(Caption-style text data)
##########
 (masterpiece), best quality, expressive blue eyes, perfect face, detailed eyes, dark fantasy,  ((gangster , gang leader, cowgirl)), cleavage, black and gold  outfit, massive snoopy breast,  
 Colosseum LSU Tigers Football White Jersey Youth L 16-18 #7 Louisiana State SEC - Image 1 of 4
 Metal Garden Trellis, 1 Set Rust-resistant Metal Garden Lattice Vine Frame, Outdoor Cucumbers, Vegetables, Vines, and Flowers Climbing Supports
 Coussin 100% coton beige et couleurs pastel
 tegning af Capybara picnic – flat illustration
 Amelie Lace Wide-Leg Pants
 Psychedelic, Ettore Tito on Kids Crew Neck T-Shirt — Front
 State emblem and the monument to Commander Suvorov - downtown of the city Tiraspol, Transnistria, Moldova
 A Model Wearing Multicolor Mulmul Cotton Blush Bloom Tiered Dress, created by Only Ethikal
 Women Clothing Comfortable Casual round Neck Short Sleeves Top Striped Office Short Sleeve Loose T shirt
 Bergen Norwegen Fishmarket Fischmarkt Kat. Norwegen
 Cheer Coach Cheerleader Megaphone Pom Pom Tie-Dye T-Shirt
##########
# Task description
Which lines of the data include the string "State"? Copy each of them.

# Exercise solution
 Colosseum LSU Tigers Football White Jersey Youth L 16-18 #7 Louisiana State SEC - Image 1 of 4
 State emblem and the monument to Commander Suvorov - downtown of the city Tiraspol, Transnistria, Moldova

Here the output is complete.